Keywords

1 Introduction

Keyword search provides a simple and friendly mechanism to access the information in XML documents for users who do not know structured query languages, or for the applications in which data schemas are too complex or fast-changing.

To generate results for XML keyword search, we need to (1) Identify relevant matches to input keywords. (2) Compose query results based on the relevant matches. (3) Rank the results according to their relevance to input keywords.

Fig. 1.
figure 1

Sample XML tree about stores

Much research has been performed to address the challenges in the first and third steps. For identifying relevant matches, existing approaches use Variants of Lowest Common Ancestors to connect keyword matches, referred as VLCA in this paper [19]. For example, consider a query “Arizona, state” on the XML tree in Fig. 1. In Fig. 1, we assign integer IDs to some nodes to facilitate illustration. Although there are many matches to state, only the one (with ID 2) that corresponds to the Arizona match is considered relevant. For result ranking, a variety of ranking factors were proposed [2], including result size, keyword proximity, number of keyword matches in the result, as well as IR-style ranking functions.

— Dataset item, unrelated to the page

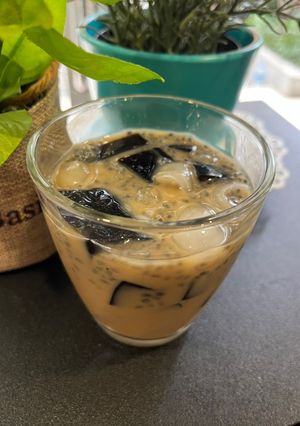 Foto resep Es Cincau Selasih Gula Aren Susu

However, little study has been done on the second problem: composing query results. In text search, a retrieval unit is a document in the repository, and thus the problem of result composition is inapplicable. In contrast, XML keyword search engines returns subtrees in the XML data tree in order to provide finer-grained query results and to better satisfy the users’ needs. Given relevant keyword matches, how to dynamically extract a right subtree from the original data tree as a query result is not trivial. At the same time, the way of composing results in XML keyword search has crucial effects on result ranking and user search experience, as to be shown in the following examples.

Example 1

A user seeking the stores selling cameras in Arizona would issue a query “Arizona, camera, store”. Consider the XML tree in Fig. 1 as a fragment of the XML data.

One popular query result composition methods is named as Subtree Result in this paper, adopted in many existing work [4, 10, 11]. Subtree Result defines a query result as a tree rooted at a VLCA node consisting of all relevant matches that are descendants of this VLCA node and the paths connecting them.

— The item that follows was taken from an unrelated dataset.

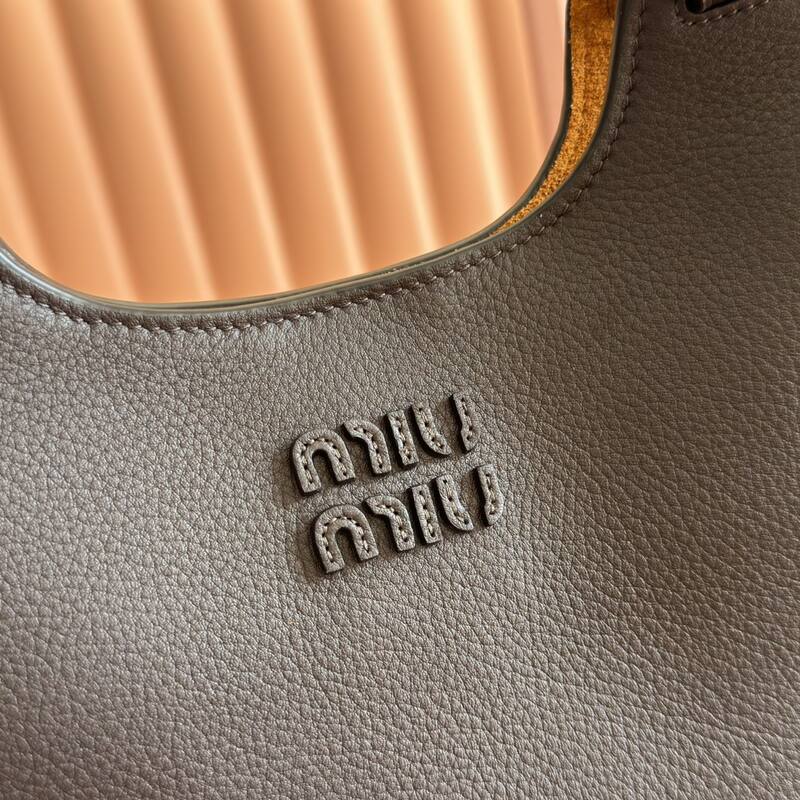 Miu Miu Brown 25x18x10cm shoulder bag — Top Quality Replica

For this query, Subtree Result only returns one result: the tree rooted at a state node (0.0) that contains the match to Arizona and all the matches to store and camera, as shown in Fig. 2(a).

Such a result is not informative to the user. As we would imagine, there are hundreds of stores in Arizona that sells cameras. Instead of checking all of them, a user would want to find the top ranked stores to visit, where the ranking might consider store reputation (mimic to page-rank), the number of cameras sold (related to TFIDF ranking), location (related to local search), among other factors. However, with all the camera stores in Arizona in a single result, none of the existing ranking methods can rank the stores. With such a query result, a user would have to spend prohibitive amount of efforts to check the information of every store, design a ranking method herself to rank the stores in order to decide which few of them to visit.

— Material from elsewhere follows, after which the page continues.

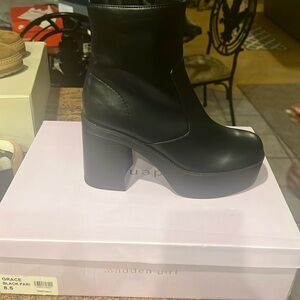 Madden Girl Black boot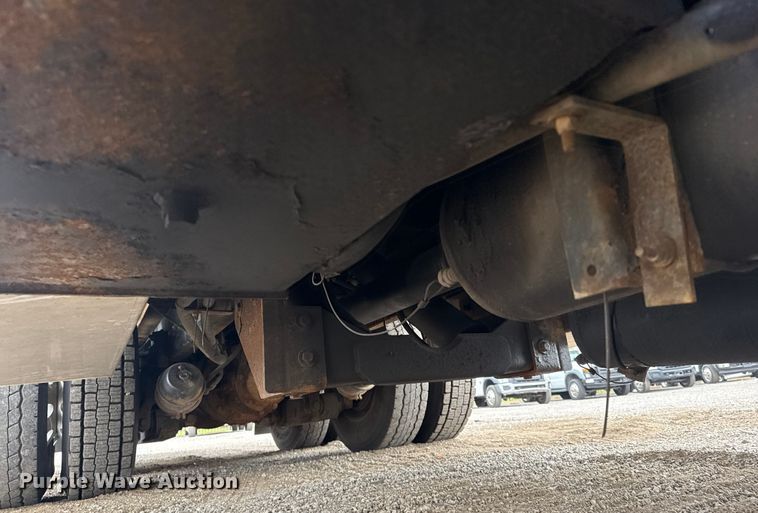 image for item NU9601 2008 Kenworth T300 rollback truck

Besides Subtree Return, the other commonly used result composition method is called Pattern Match, used in [2, 3]. Pattern Match defines a query result as a tree rooted at a VLCA node consisting of exactly one relevant match to each query keyword and the paths connecting them.

For the query “Arizona, camera, store” on the XML tree in Fig. 1, some sample results generated by Pattern Match are shown in Fig. 2(b). As we can see, each result has information of exactly one camera.

Such results can be annoying. The data may have thousands of cameras, sold by hundreds of stores. The query user looks for stores that sells cameras, not cameras. It’s much more desirable to have all distinct stores ranked automatically, rather than having the user to read tens of cameras sold by the same store and to manually rank the stores in order to find the top ranked ones.

In contrast to the two existing approaches, this paper presents techniques that compose query results based on the inferred search semantics. For the same query “Arizona, camera, store”, we identify that the user is looking for camera stores in Arizona, and compose query results such that each result contains information of one distinct store, along with the related matches to Arizona and camera as evidence of its relevance, such as the two query results shown in Fig. 2(c). In this way, when results are properly ranked, a user obtains the top ranked stores.

Fig. 2.
figure 2

Results of query “Arizona, camera, store”

Intuitively, each keyword search has a goal, either a real world entity or relationship among entities, as observed in [12]. We use term search target to refer to the information that the user is looking for in a query, and target instance to denote each instance of the search target in the data. Each desirable query result should have exactly one target instance along with all associated evidence that shows the relevance to the user query, so that top-k ranked results corresponds to top-k ranked search target instances.

Based on this intuition, we propose a novel technique to automatically compose atomic and intact query results for XML keyword searches. Unlike the existing approaches, which are oblivious to users’ search intentions, the proposed query result composition is driven by the user search target and hence is ranking friendly. Experimental evaluations validate the effectiveness and efficiency of our approach.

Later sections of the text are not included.